Shrinkage is caused by a number of things:
- Theft (both employees and “customers”)
- Human error
- Tracking discrepancies
And while many may not consider this an element to growth hacking through inventory management, Guillot says it can reveal lots of insights about your business. “Even though shrink represents a small portion of the overall transactions, it’s still meaningful,” she says. “It mostly points to the level of operational process and control.”
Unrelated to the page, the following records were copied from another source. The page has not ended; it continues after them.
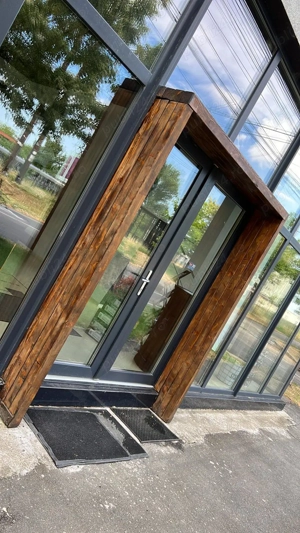 Vand cladire 3 etaje pe mal la Bega - imagine 5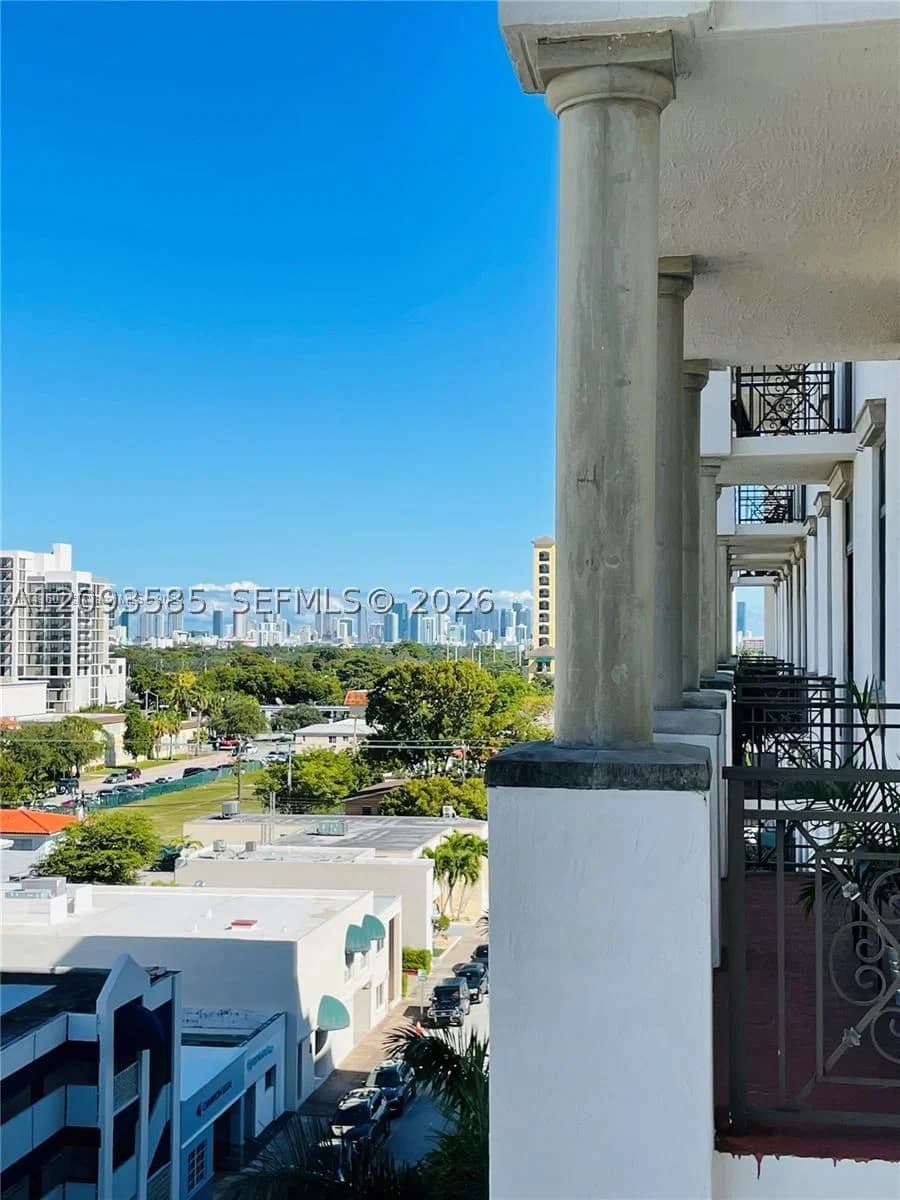 1-bedroom Condo — 1805 Ponce De Leon Blvd #611, Coral Gables, FL 33134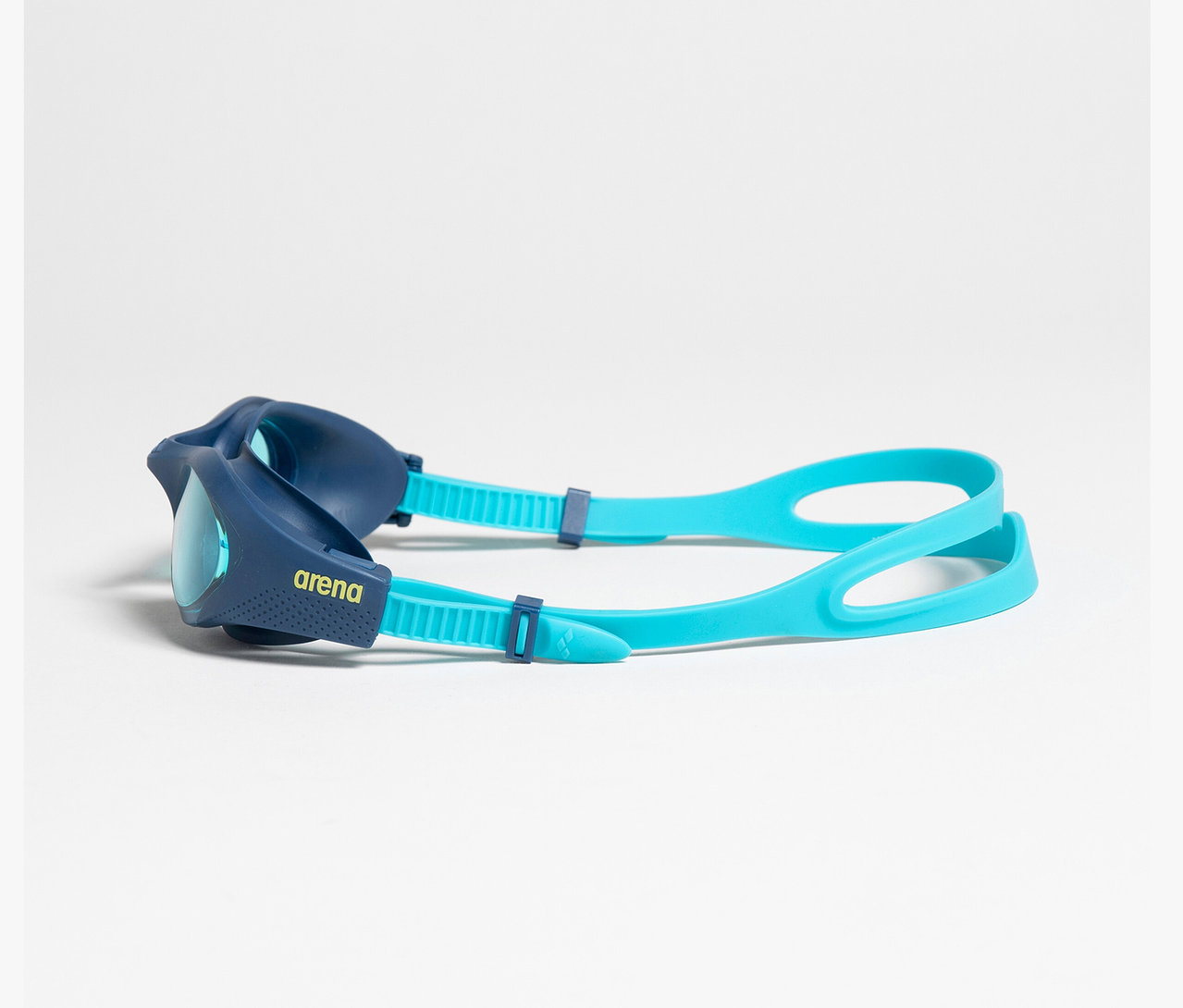 Eine blaue Arena Kinder-Schwimmbrille The One JR liegt auf einem weißen Hintergrund.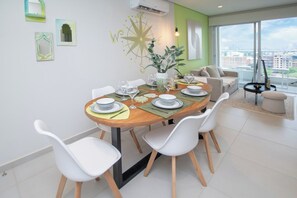 Dining table for six - Spacious Apt Near Villa Morra with Pool&Workspace (Asunción)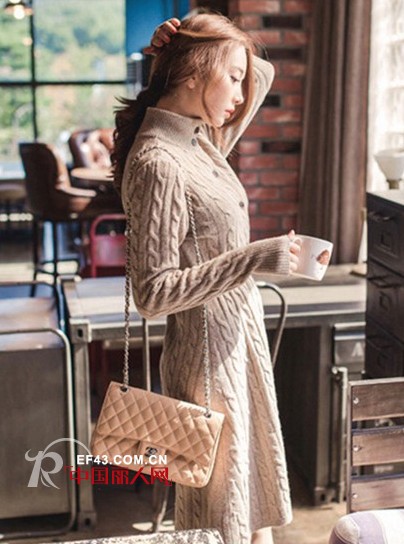 早春单品针织衫搭配 好线条呈现体态美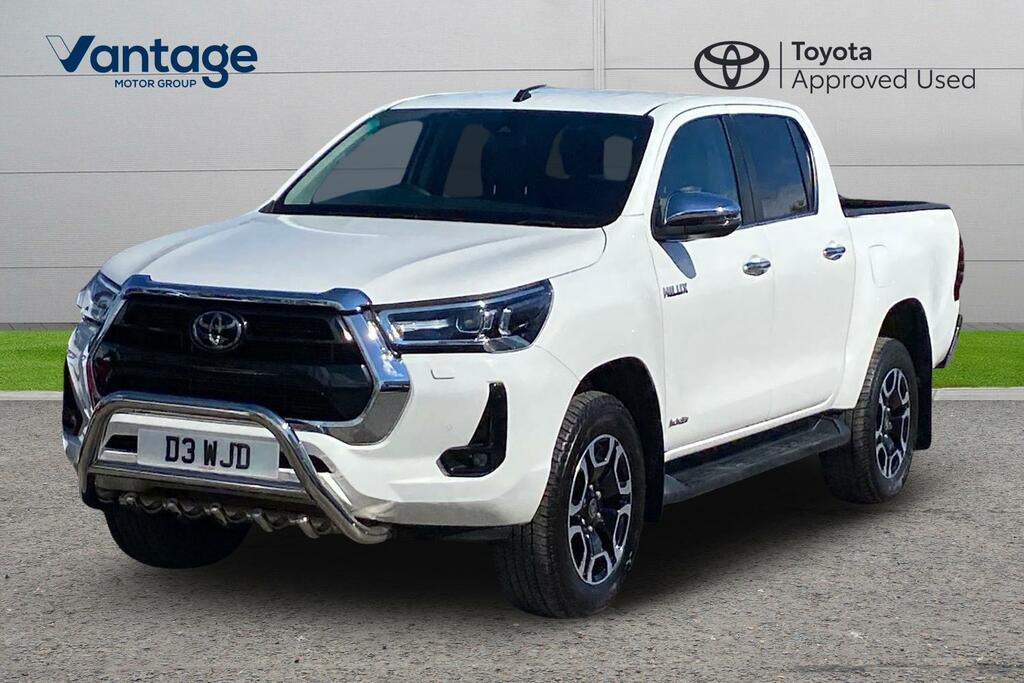Toyota HILUX 2.8 D-4d Invincible 4Wd Euro 6 Ss White #3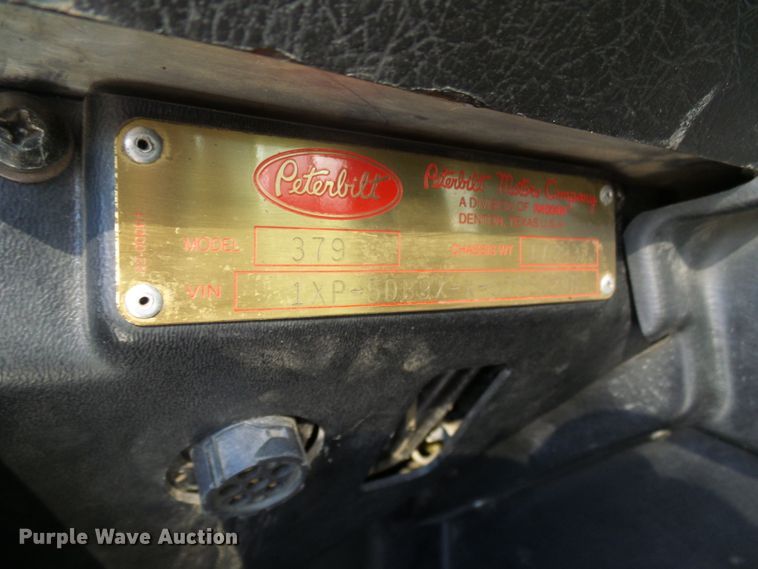 image for item DL0797 2005 Peterbilt 379  semi truck
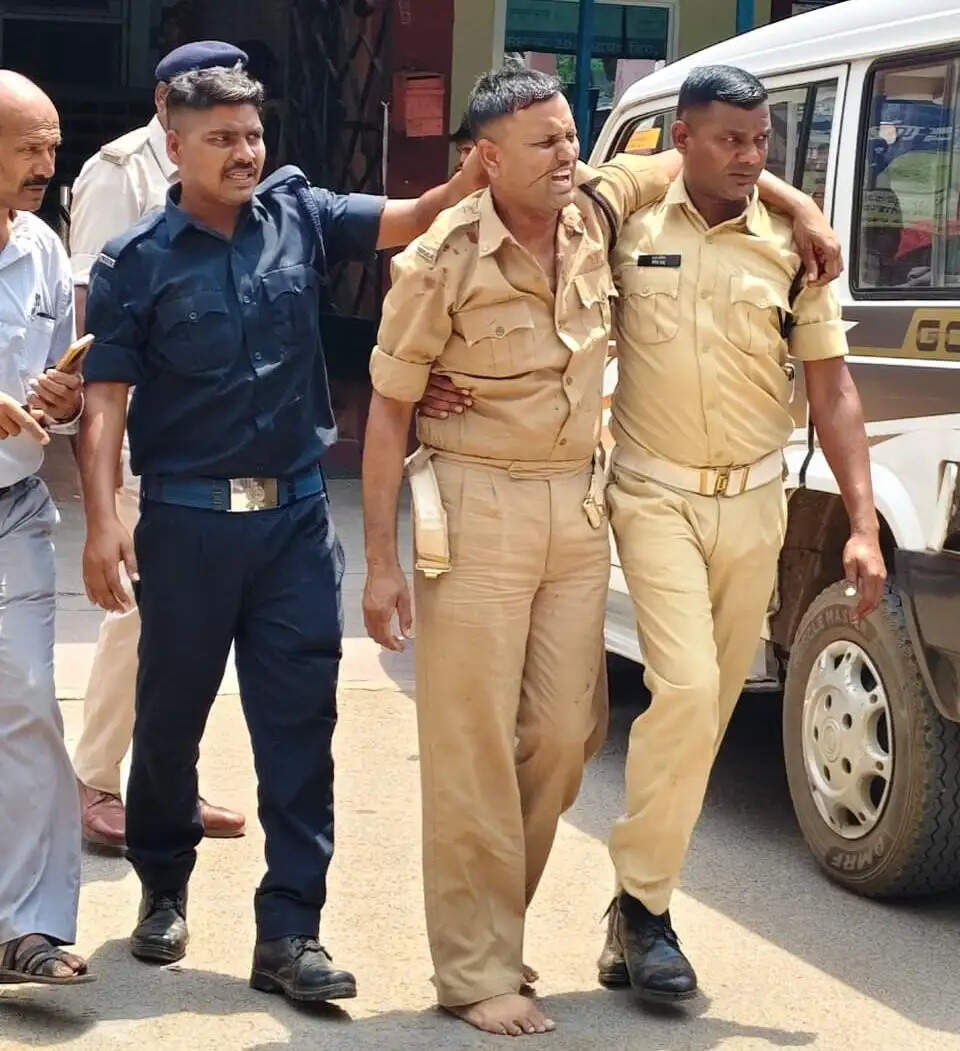 प्रशिक्षण स्थल में राइफल का चैंबर ब्लास्ट, नगर सैनिक के सिर में घुसा पार्ट्स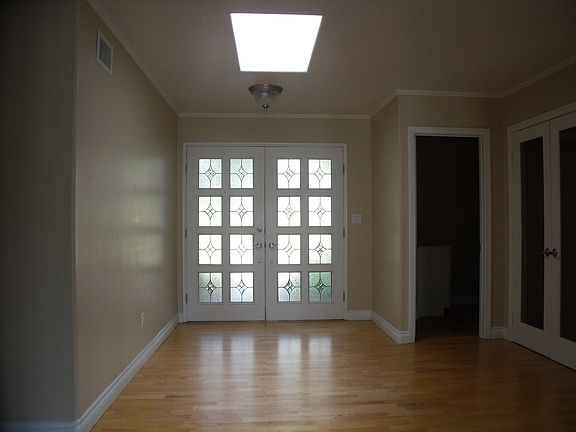 4th image of 1180-82 Crystal Ln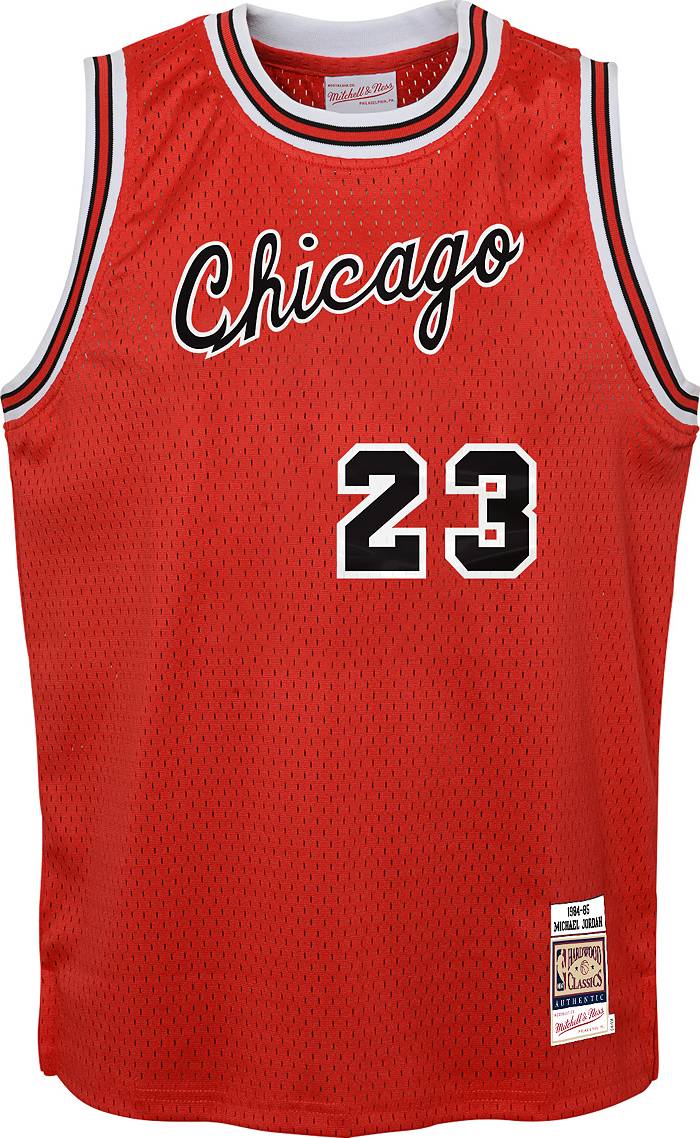 Mitchell & Ness Men's 1997 Chicago Bulls Michael Jordan #23 Red Hardwood  Classics Authentic Jersey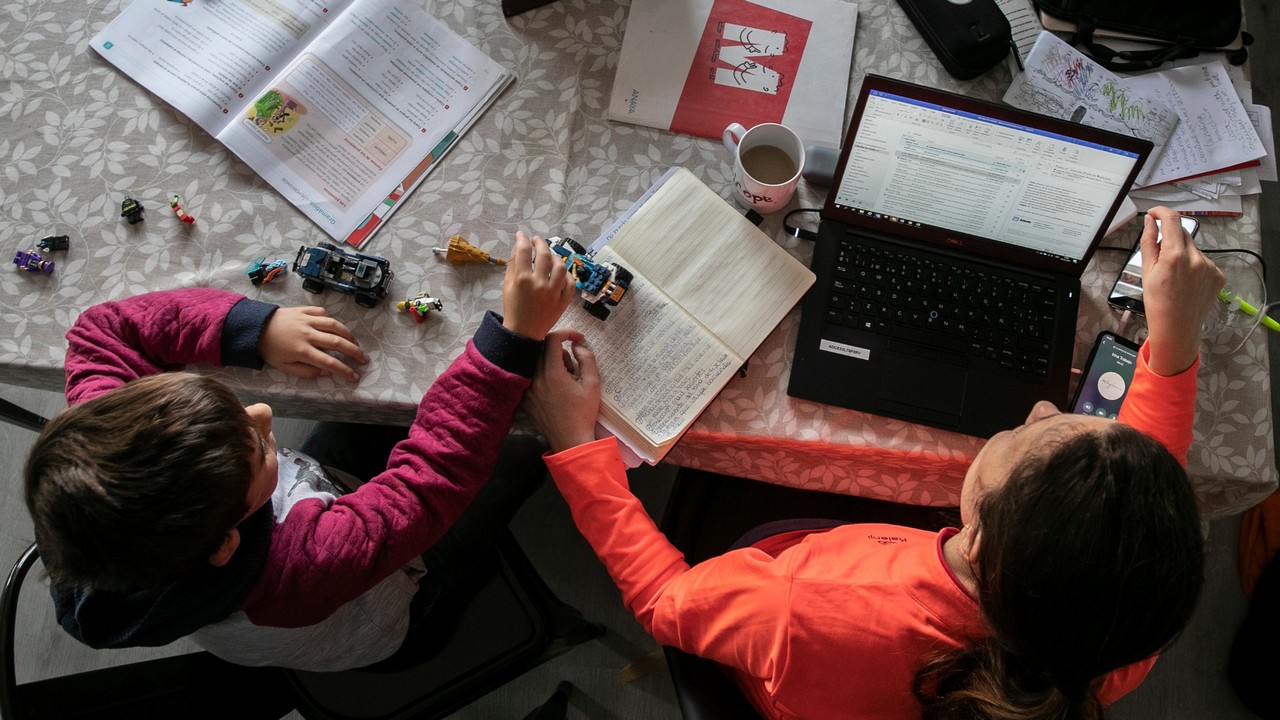 Empleados estatales con hijos de hasta 13 años deberán trabajar de manera remota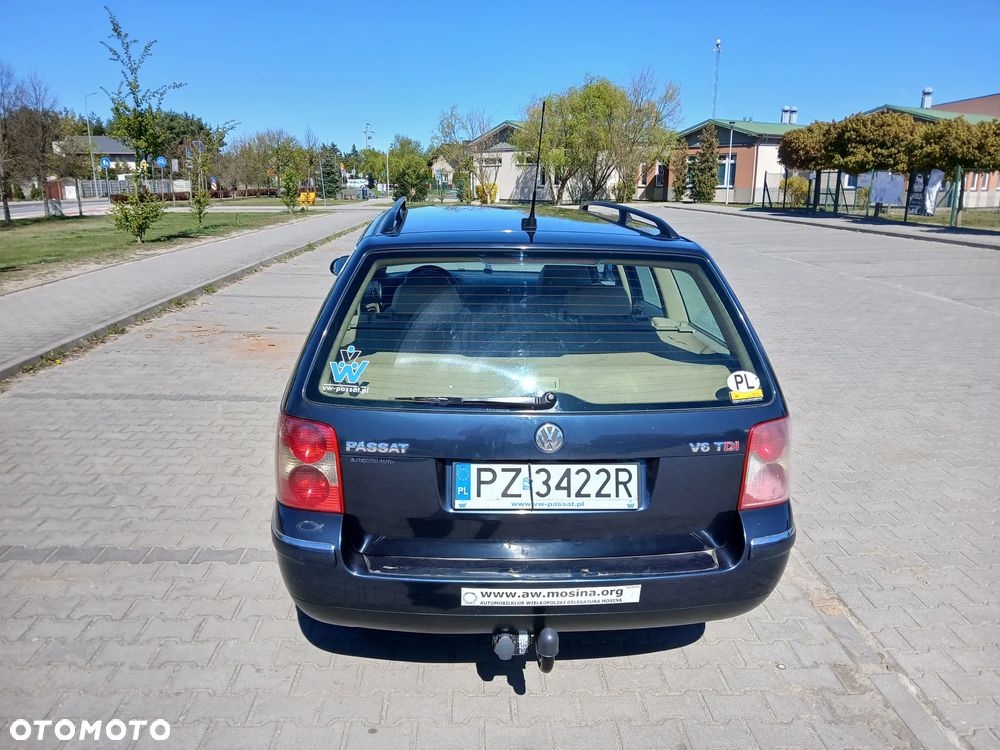 Volkswagen Passat 2.5 TDI V6 Comfortline - 3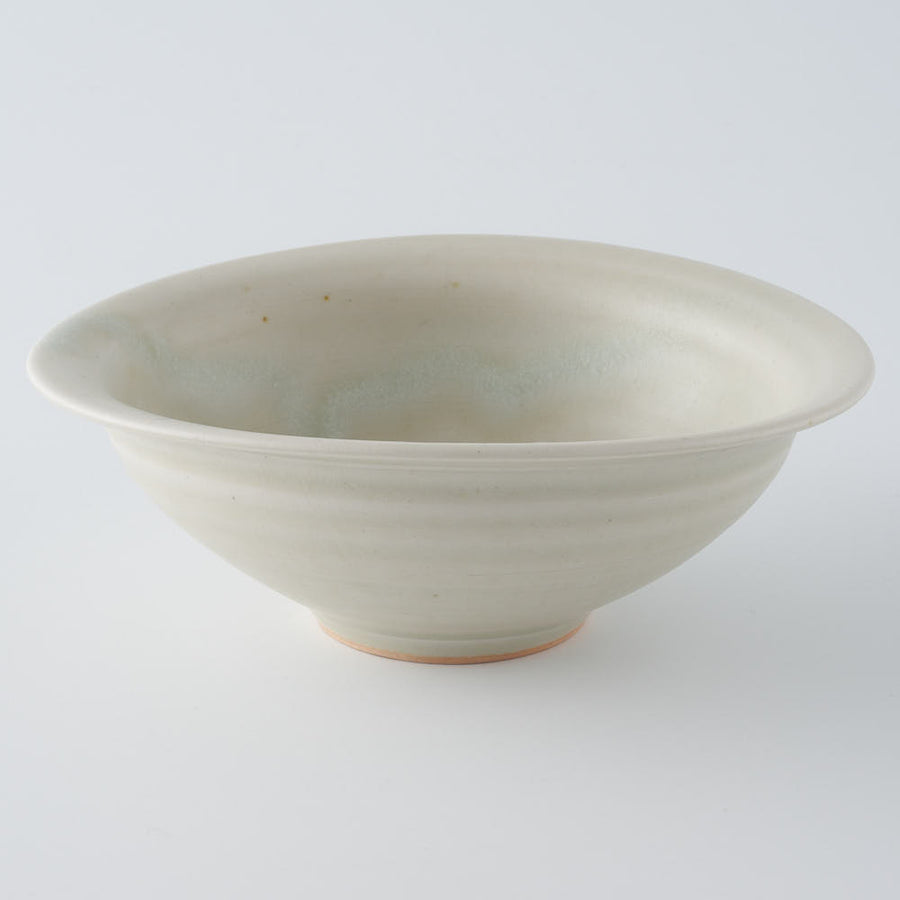 作家　鈴木まどか　灰釉沓鉢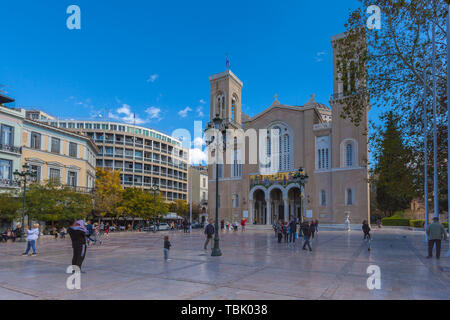 Platz mit der Metropolitan Kathedrale Mariä Verkündigung, Athen Stockfoto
Lots of shrinkage means you might need to look at your internal processes. “When you have strong loss prevention technique, you have strong technique almost everywhere else: customer care, customer service, employee training, etc.” It’s indicative of how smoothly your business is running, which is crucial for nimble, data-driven retail growth.
5. Average inventory
Average inventory, the fifth data point that Guillot recommends keeping an eye on, tells you how much merchandise you typically have in stock over specific time periods. For example, you may calculate average inventory for the fiscal year or for a quarter.
Average inventory = (current inventory + previous inventory) / 2
“All valuable inventory KPIs require you to know how much inventory you’ve carried at any given time,” Guillot says. “A retailer’s ability to quickly ascertain their average inventory is the missing link between those that can create open-to-buy budgets and buy plans, and those that are being reactionary or guided more by their gut than by the data.”
Growth hacking inventory management in your business
While looking at these metrics individually is helpful, it’s essential to consider the big picture. What is the relationship between your data points? Are they all pointing to the same thing, or are you drawing conclusions from isolated events or changes in the numbers?
And while manual data entry and inventory, accounting, merchandising and other practices may be helpful for smaller businesses, retailers who want to scale quickly need tools to help automate data management. “Tracking your inventory is really high level if you’re doing it manually,” Guillot says. “It doesn’t really reflect the things that we care about, which is classification or attribute-driven buying and selling.”